→ Work item
Here are some records; quote them exactly, leaving out the pictures.

→ Source data
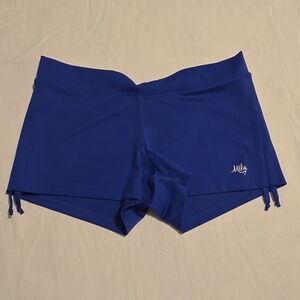 Mika Yoga Wear Blue Yoga Shorts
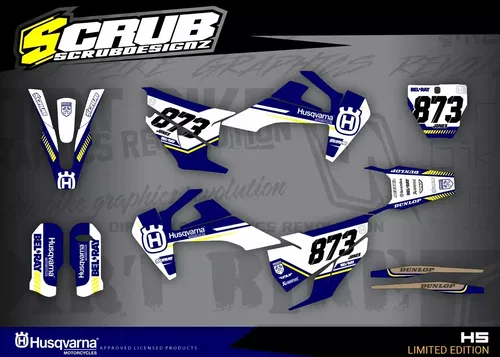 Graphics + Plastics Husqvarna TC FC FX 2019-2022 Custom race number + name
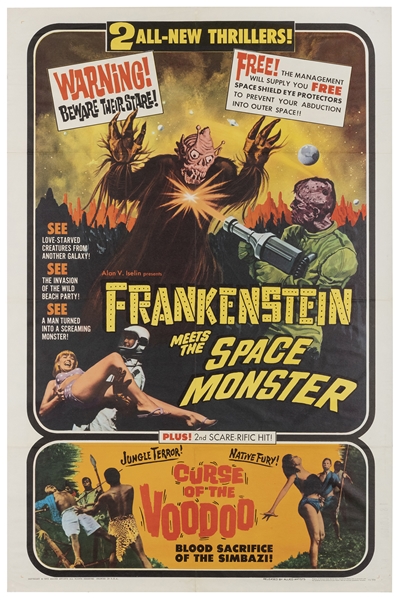  Frankenstein Meets the Space Monster / Curse of the Voodoo....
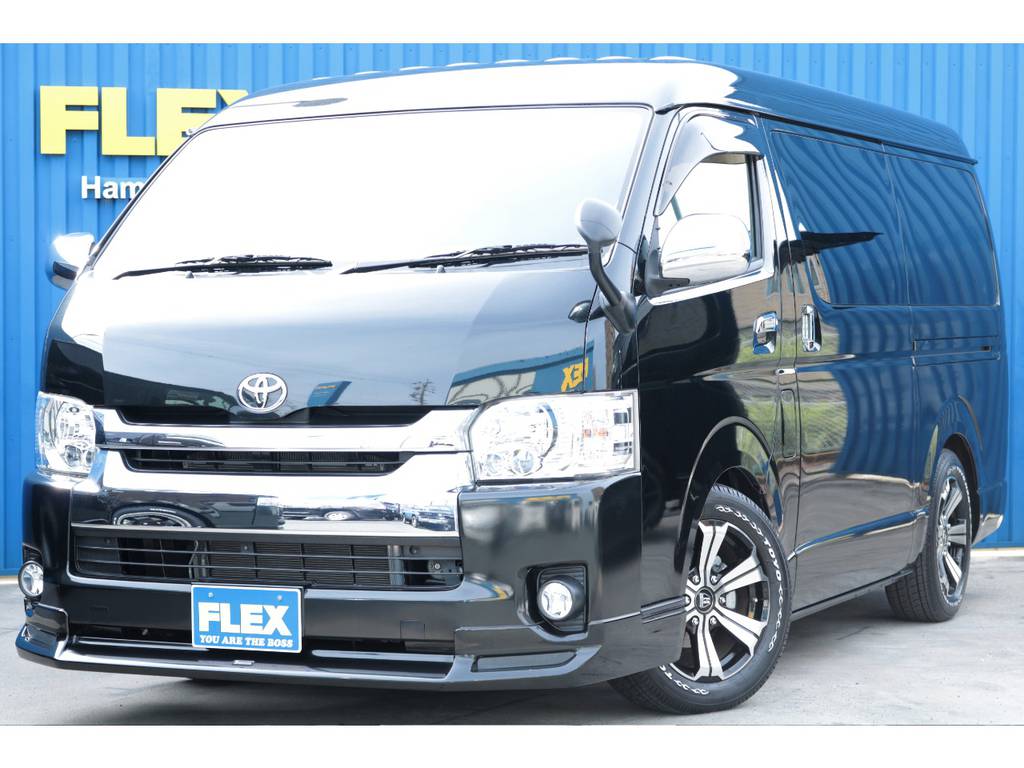 ＦＬＥＸアレンジＡ内装架装☆低走行車両！！遮光カーテン５面、センターカーテン有りの車中泊仕様☆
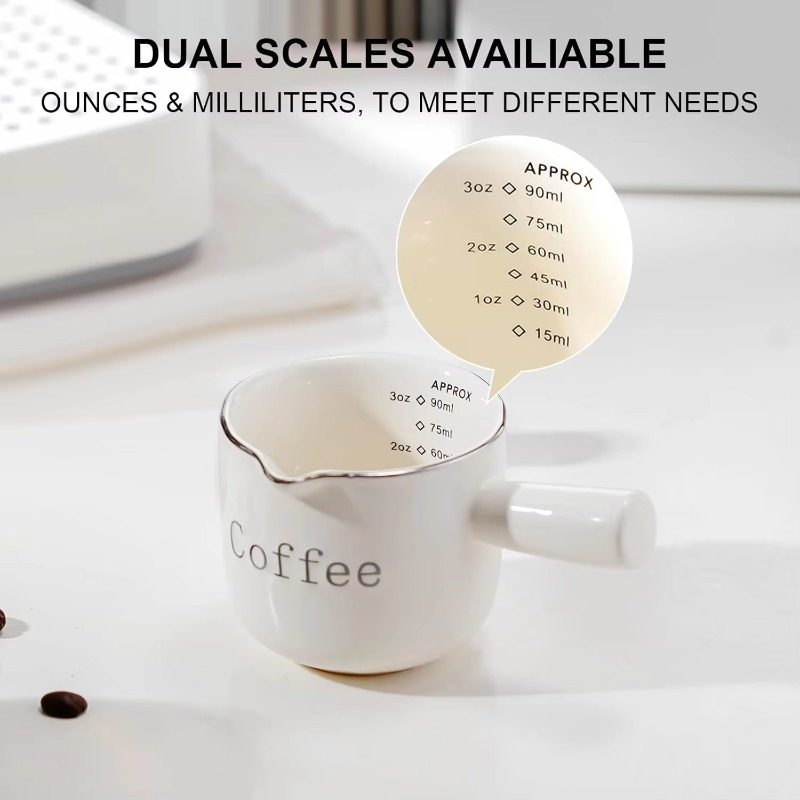 Coffee Tea Espresso - Mini Ceramic Coffee Cup with Handle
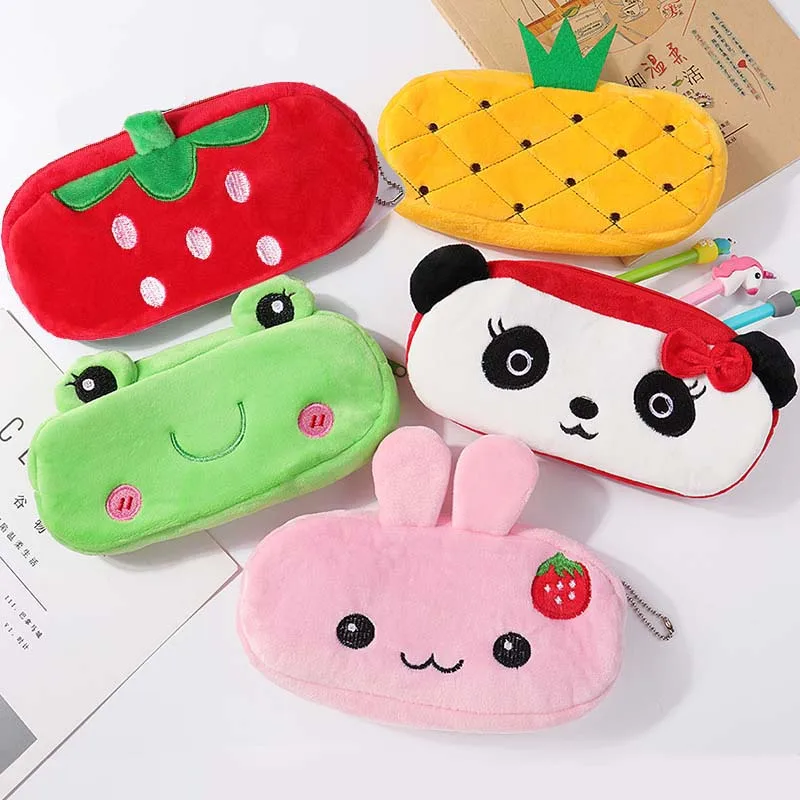 

Travel Cosmetic Bag Women Plush Zip Makeup Case Cute Animals Make Up Bags Necessaries Organizer Storage Pouch Functional Bag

→ Output below
 Mika Yoga Wear Blue Yoga Shorts
 Graphics + Plastics Husqvarna TC FC FX 2019-2022 Custom race number + name
  Frankenstein Meets the Space Monster / Curse of the Voodoo....
 ＦＬＥＸアレンジＡ内装架装☆低走行車両！！遮光カーテン５面、センターカーテン有りの車中泊仕様☆
 Coffee Tea Espresso - Mini Ceramic Coffee Cup with Handle

Travel Cosmetic Bag Women Plush Zip Makeup Case Cute Animals Make Up Bags Necessaries Organizer Storage Pouch Functional Bag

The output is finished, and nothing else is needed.